• ACTION ITEM
What is needed is an exact copy of the lines from the one containing "Thank you for" through the last line of the records, with no pictures.

• INPUT DATA
__________

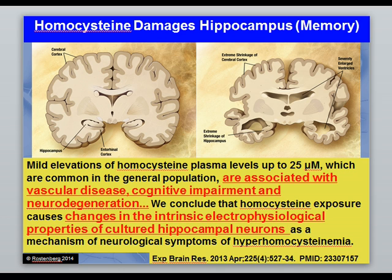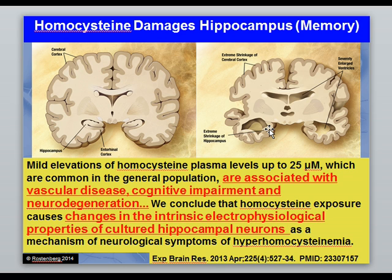A 2013 study discusses how homocysteine damages our hippocampus — where we store long-term memories of who we are and who the people in our life are. This relates directly to dementia. As shown in the image, a fully healthy hippocampus degenerates alongside surrounding white matter. Homocysteine plays a very big role in the destruction of brain tissue over time, and homocysteine basically changes the electrophysiological properties of neurons — meaning neurons don't fire correctly when they're inflamed.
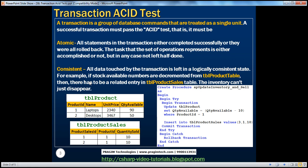The transaction should also be consistent, which means all data touched by the transaction is left in a logically consistent state. For example, if stock available numbers are decremented from TBL_product, there has to be an associated entry in TBL_product_sales. The inventory can't just disappear. If I'm selling 10 laptops and the update reduces the quantity, but then a power failure occurs before the insert, the transaction should undo the first statement and put quantity back to 90. Otherwise, we cannot account for those 10 laptops.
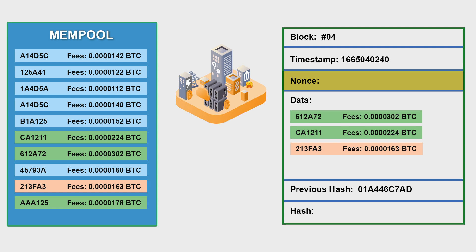So what happens to the transactions that are not picked by miners is they are released back to the one who issues it. There are some standards like if the transactions do not get picked within 72 or 74 hours or something like that then it is released back to the issuer.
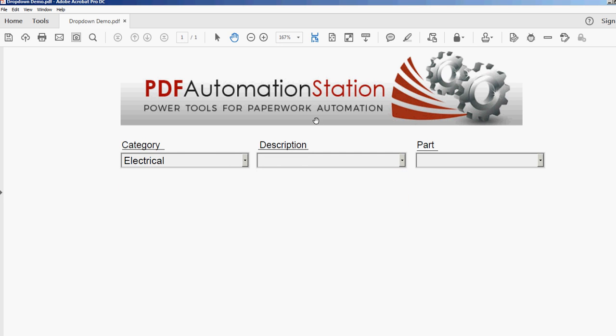And if you go to PDFAutomationStation.com and just sign up for a membership, you'll be able to use not only this tool but all the tools we have, like pop-up calendars and other automation tools that will make your life much easier if you're a form builder. Thanks for watching, see you next time.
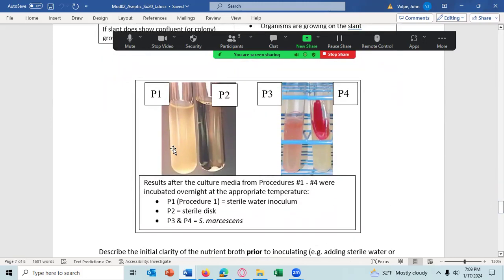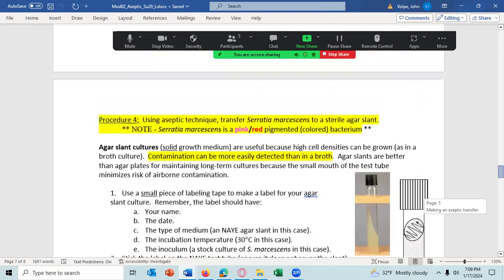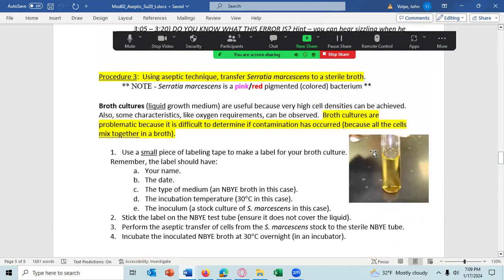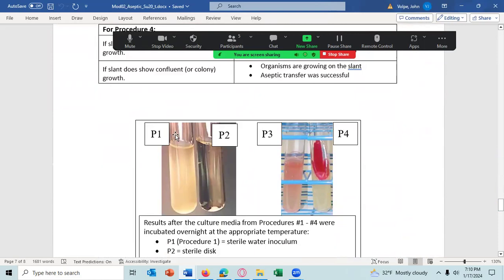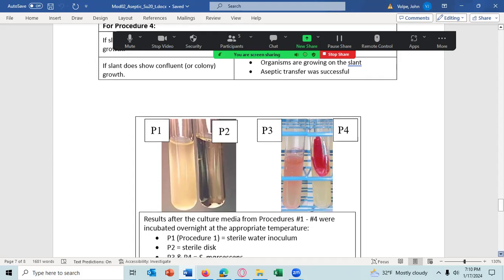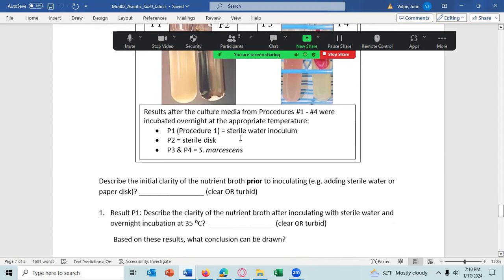You'll use these pictures for Procedures One, Two, Three, and Four. For Procedures One and Two, this is what the tube looks like at the start before you've inoculated it — in this case with a sterile one milliliter of water — and you can look and see if it's clear or turbid. Then come down to the picture for Procedure One and see whether that tube is clear or turbid. The inoculum for Procedure One was one milliliter of sterile water.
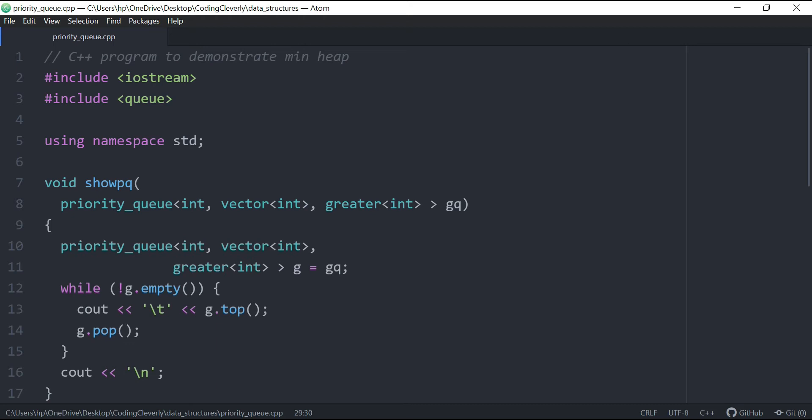In the previous video, we discussed priority queues in STL standard template library support for the priority queue, which was max heap by default.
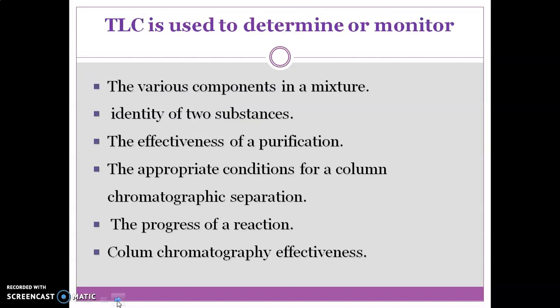TLC is used to determine the various components in a mixture. It is also used to identify two substances. It is also used to determine the effectiveness of purification. TLC is also used to determine the appropriate conditions for column chromatographic separation. It is used to monitor the progress of reaction and also to monitor column chromatographic effectiveness.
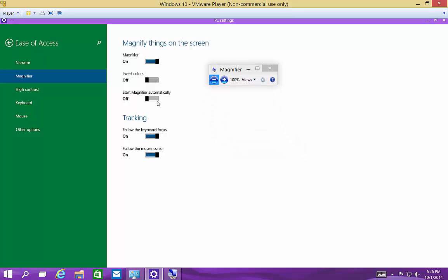We've got the start magnifier automatically option. If you want to have that when you first start your computer, you can do that. And then the tracking as we turned on earlier, we can keep that going as well.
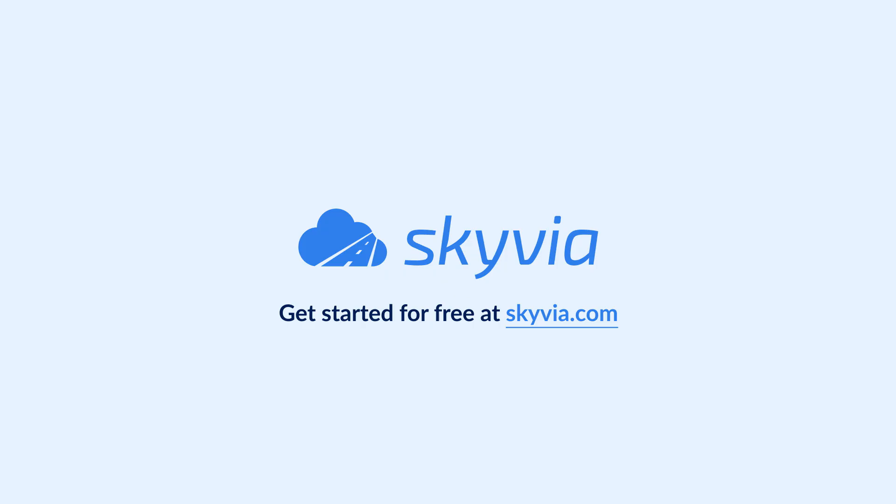Thank you for watching this SQL Server and Zoho CRM integration tutorial. If you have any additional questions, feel free to drop us a comment below and we will help you. To try Skyvia for free, use the link in the description. See you in the next videos.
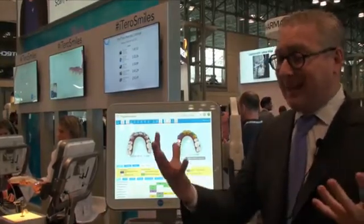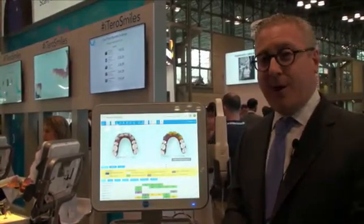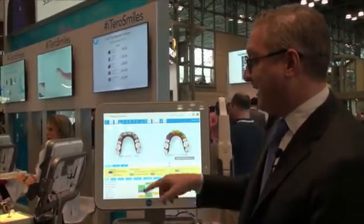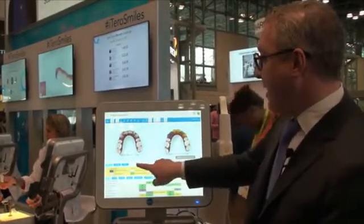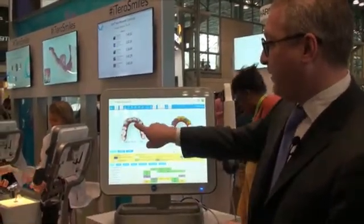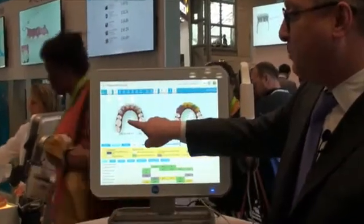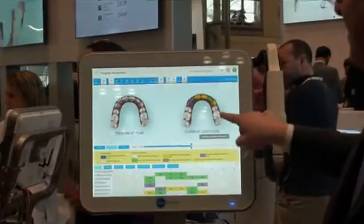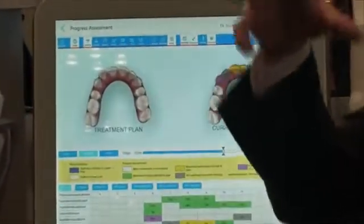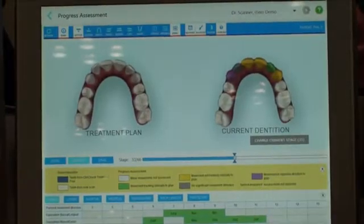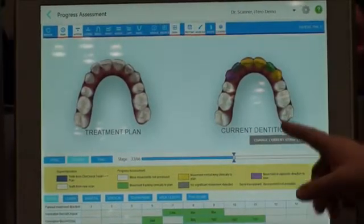Back in the day, you just had to eyeball it — look at the patient, look at the ClinCheck, and figure out where they were. Now we have the Progress Assessment. You scan the patient at about halfway through the treatment. This is what the teeth started at, and this is what they're supposed to look like. The scanner takes your current scan, overlays it with the ClinCheck at that stage, and tells you yes, you're on, or no, you're not.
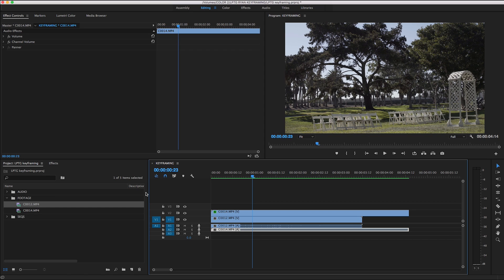Understanding the amount of control that you have in the editing room can really take a lot of stress off trying to get that perfect pan or zoom. Until next time, this has been Ryan with Archaius Creative. Have a great day.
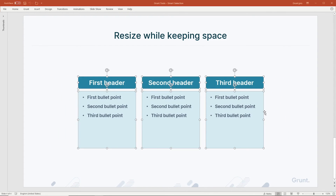As a final tip, remember that you can always turn off Smart Selection once by pressing Escape. I hope that you enjoyed this video. Until next time.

__________

• RESPONSE TO THE TASK
Thank you for watching this SQL Server and Zoho CRM integration tutorial. If you have any additional questions, feel free to drop us a comment below and we will help you. To try Skyvia for free, use the link in the description. See you in the next videos.
Back in the day, you just had to eyeball it — look at the patient, look at the ClinCheck, and figure out where they were. Now we have the Progress Assessment. You scan the patient at about halfway through the treatment. This is what the teeth started at, and this is what they're supposed to look like. The scanner takes your current scan, overlays it with the ClinCheck at that stage, and tells you yes, you're on, or no, you're not.
Understanding the amount of control that you have in the editing room can really take a lot of stress off trying to get that perfect pan or zoom. Until next time, this has been Ryan with Archaius Creative. Have a great day.
As a final tip, remember that you can always turn off Smart Selection once by pressing Escape. I hope that you enjoyed this video. Until next time.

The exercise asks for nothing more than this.